La fine del dragoncello

“Ma la vera tragedia non è quello che ha fatto: è quello che non ha fatto. Neanche i suoi più fedeli ammiratori sono in grado di elencare cinque decisioni degli ultimi quindici anni di cui andare davvero orgogliosi.” Così ha scritto in settimana Tobias Jones sull’inglese The Guardian, come riportato da Internazionale N. 877 (pag.13).

Se qualcuno ha pensato di aver vissuto in una commedia, che so… nel grande Falstaff verdiano che riprende Le allegri comari di Windsor di Shakespeare, si è sbagliato di grosso. Dall’estero, con il minimo distacco, ci fan sapere che siamo proprio dentro una tragedia. Secondo me però non di spirito e finale shakespeariano, piuttosto siamo nel teatro dell’assurdo di Samuel Beckett. Ma dove? In Aspettando Godot o in Finale di partita?

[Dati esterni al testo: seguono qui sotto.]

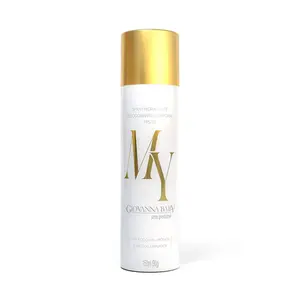 Spray Hidratante Desodorante Corporal Aerossol FPS10 Sem Perfume Giovanna Baby Enriquecido com Ácido Hialurônico e Efeit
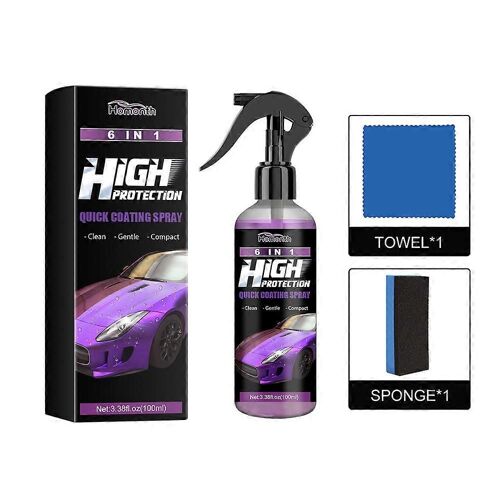 6 En 1 Voiture Revêtement Céramique Spray 100ml Auto Nano Revêtement Céramique Voiture Nano Spray Voiture Réparation Des Rayures Composé De Corps Réparation Des Rayures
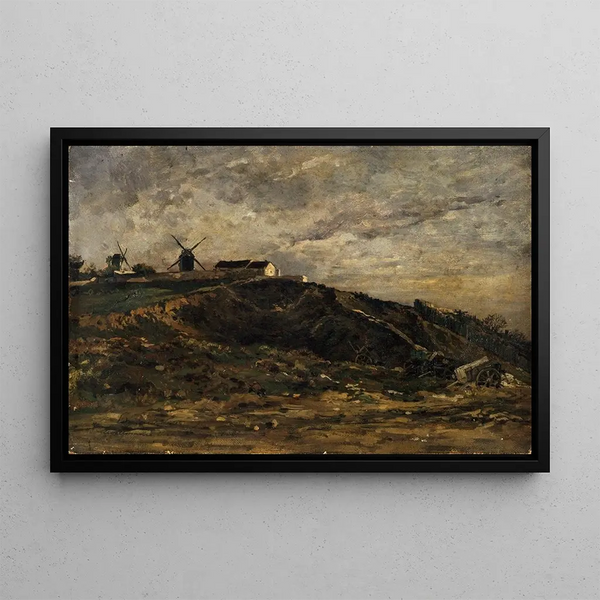 Edmond Charles Joseph Yon - Les moulins de Montmartre versant nord.webp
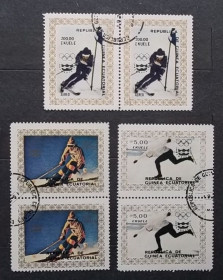 Спорт Спорт ^/--/^ Экваториальная Гвинея 1976 г - Зимние Олимпийские игры, Инсбрук ^_^^^ Екваторіальна Гвінея 1976 р - Зимові Олімпійські ігри, Інсбрук - фото фото фото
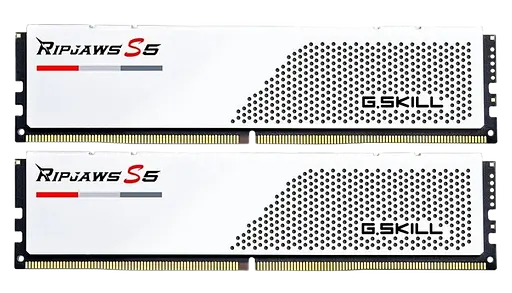 Оперативная память G.Skill 32GB (2x16GB) DDR5 5600MHz Ripjaws S5 White (F5-5600J3636C16GX2-RS5W)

La prima opera ha protagonisti Estragone e Vladimiro, inseparabili nella loro inerzia. Mi viene quindi naturale associarmi a questa, mettendo assieme destra e sinistra. Ricordo poi che Estragone è un nome molto evocativo, è infatti anche sinonimo di dragoncello, una pianta che in Italia non è spontanea ma solo coltivata. Ma la seconda opera, oltre al titolo beneaugurante, ha protagonisti che hanno una storia, nonostante la situazione sospesa e assurda del momento.

Forse però in Italia stiamo vivendo contemporaneamente dentro entrambe le tragedie di Beckett, a  testimonianza della sua grande arte e della nostra (italiana) assoluta capacità di adattamento al delirio e all’assurdo.